Assigned task:
Whichever lines of the entries hold the word "Flutter" should be identified and copied.
Top of Materials provided
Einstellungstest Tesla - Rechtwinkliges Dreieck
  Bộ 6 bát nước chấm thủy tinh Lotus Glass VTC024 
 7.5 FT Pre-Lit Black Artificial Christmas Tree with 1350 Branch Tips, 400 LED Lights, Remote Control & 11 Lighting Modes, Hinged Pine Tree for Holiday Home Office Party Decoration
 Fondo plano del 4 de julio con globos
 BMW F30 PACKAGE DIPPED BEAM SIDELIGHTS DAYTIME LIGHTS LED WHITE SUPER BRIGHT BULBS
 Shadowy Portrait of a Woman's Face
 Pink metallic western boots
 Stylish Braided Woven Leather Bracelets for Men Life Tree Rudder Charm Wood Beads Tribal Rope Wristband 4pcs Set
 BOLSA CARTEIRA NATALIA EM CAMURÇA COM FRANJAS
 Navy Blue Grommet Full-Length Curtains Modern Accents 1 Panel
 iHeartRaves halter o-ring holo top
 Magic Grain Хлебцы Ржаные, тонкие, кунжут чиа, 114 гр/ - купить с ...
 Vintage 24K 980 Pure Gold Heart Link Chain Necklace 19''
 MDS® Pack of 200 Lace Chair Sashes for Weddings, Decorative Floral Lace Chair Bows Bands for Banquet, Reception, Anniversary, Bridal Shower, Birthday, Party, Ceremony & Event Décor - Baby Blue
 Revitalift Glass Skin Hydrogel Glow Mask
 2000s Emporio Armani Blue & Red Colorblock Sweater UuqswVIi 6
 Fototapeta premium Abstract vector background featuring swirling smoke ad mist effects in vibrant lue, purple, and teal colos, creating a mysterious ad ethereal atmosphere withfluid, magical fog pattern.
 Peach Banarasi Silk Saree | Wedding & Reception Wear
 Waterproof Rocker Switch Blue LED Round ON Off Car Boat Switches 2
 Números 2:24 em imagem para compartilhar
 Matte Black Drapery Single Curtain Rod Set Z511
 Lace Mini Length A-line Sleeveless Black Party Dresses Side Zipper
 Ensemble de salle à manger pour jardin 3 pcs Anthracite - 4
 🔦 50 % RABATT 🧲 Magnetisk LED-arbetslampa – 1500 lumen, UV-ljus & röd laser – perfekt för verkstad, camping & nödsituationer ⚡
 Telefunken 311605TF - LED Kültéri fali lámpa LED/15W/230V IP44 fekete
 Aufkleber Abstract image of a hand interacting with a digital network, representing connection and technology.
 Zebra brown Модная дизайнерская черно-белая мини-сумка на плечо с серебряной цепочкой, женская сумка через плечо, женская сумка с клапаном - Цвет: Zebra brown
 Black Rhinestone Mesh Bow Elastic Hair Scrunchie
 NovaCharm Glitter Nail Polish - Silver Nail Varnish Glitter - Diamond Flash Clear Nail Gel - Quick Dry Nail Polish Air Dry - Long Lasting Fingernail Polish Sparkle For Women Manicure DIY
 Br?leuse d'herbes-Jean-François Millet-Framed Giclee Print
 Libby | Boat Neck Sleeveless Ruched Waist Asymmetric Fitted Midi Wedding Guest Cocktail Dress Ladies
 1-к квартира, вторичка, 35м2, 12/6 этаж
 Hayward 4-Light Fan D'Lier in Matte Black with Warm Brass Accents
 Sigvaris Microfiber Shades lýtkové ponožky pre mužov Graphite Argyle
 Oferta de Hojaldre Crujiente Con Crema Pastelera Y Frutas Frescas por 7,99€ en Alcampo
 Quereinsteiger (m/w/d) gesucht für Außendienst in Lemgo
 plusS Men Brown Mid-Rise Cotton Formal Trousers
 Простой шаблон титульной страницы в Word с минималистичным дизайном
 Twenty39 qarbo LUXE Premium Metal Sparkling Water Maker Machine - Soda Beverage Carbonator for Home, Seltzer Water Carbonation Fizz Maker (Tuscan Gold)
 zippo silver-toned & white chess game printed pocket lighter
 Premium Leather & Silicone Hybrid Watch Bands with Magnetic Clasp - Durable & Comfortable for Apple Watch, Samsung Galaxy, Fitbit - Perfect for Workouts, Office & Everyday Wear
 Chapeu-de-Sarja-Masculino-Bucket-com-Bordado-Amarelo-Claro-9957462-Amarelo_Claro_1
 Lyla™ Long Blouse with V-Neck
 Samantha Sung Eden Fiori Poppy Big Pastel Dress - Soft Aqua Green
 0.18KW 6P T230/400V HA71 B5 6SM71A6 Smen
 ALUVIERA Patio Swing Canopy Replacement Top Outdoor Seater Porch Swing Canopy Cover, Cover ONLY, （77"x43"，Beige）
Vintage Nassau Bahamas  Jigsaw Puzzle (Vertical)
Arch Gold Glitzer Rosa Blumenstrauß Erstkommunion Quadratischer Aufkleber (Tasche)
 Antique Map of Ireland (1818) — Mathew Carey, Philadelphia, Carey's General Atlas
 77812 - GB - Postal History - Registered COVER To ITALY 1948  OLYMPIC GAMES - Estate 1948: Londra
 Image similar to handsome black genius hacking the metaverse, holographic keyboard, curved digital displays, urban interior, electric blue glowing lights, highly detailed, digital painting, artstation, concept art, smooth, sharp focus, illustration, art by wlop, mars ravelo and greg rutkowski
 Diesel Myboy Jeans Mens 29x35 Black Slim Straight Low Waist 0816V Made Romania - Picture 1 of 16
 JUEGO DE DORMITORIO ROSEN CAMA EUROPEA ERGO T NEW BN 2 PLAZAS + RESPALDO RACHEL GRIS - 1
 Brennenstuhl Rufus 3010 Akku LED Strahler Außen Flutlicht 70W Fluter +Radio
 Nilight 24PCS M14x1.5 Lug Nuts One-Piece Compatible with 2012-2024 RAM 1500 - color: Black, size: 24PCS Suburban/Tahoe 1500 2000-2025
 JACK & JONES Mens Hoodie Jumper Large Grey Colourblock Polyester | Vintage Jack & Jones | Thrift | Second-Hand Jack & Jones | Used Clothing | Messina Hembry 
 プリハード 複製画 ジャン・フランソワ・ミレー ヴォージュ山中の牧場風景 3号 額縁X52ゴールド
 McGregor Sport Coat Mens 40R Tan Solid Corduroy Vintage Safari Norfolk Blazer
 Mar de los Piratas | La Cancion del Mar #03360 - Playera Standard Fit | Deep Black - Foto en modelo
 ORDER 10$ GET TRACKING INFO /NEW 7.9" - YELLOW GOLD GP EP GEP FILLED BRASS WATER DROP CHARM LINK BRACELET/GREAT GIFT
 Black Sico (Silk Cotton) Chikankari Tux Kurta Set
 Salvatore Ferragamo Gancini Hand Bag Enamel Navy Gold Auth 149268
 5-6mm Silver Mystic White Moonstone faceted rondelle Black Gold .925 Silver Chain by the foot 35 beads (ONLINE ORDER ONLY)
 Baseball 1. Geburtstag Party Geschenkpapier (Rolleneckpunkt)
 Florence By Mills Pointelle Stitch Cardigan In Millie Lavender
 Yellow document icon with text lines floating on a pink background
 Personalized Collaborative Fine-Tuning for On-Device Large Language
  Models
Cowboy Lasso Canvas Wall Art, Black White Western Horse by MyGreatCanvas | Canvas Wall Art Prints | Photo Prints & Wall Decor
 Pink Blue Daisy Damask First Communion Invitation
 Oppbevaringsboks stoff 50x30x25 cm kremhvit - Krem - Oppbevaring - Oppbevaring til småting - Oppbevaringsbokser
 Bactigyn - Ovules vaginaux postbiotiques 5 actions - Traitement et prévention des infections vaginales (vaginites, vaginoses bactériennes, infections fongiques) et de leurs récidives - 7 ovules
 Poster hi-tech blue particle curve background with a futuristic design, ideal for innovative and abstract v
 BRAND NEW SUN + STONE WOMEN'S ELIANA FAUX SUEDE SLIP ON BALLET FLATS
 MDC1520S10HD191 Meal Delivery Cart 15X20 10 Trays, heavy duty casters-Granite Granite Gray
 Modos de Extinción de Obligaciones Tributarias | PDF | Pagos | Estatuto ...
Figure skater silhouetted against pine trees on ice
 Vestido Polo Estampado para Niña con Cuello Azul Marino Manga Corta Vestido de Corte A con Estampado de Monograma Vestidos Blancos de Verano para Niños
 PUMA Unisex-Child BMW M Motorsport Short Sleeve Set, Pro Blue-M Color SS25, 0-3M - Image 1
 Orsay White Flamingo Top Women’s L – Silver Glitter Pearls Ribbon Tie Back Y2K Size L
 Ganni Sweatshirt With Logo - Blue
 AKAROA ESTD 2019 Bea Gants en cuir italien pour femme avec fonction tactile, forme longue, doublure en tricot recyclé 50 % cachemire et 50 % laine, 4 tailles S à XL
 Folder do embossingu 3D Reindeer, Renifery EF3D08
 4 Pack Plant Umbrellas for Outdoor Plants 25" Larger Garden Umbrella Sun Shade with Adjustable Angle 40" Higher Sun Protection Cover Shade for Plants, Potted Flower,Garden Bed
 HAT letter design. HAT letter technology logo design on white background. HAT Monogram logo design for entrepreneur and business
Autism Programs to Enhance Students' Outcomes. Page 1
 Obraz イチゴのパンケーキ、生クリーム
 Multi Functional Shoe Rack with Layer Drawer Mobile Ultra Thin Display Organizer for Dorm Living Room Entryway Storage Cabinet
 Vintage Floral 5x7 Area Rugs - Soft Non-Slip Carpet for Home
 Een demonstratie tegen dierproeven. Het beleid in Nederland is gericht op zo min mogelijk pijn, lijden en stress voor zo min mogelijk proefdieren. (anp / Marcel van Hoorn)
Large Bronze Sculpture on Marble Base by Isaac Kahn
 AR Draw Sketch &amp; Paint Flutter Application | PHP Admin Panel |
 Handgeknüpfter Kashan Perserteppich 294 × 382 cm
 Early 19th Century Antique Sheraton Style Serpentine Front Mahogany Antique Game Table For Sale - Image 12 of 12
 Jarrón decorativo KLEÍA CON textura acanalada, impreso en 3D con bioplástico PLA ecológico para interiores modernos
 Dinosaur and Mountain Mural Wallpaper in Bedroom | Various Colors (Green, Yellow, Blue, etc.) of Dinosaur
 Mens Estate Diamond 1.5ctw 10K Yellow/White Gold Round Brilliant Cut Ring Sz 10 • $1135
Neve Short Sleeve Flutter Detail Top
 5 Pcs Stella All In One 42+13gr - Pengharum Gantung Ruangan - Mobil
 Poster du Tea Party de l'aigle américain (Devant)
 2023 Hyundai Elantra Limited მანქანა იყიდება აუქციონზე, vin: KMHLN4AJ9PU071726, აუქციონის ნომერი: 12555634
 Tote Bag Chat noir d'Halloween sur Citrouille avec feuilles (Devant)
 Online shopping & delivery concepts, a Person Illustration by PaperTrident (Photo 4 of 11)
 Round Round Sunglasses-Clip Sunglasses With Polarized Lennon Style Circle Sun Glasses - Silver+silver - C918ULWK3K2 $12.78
Bottom of Materials provided
Expected output:
 AR Draw Sketch &amp; Paint Flutter Application | PHP Admin Panel |
Neve Short Sleeve Flutter Detail Top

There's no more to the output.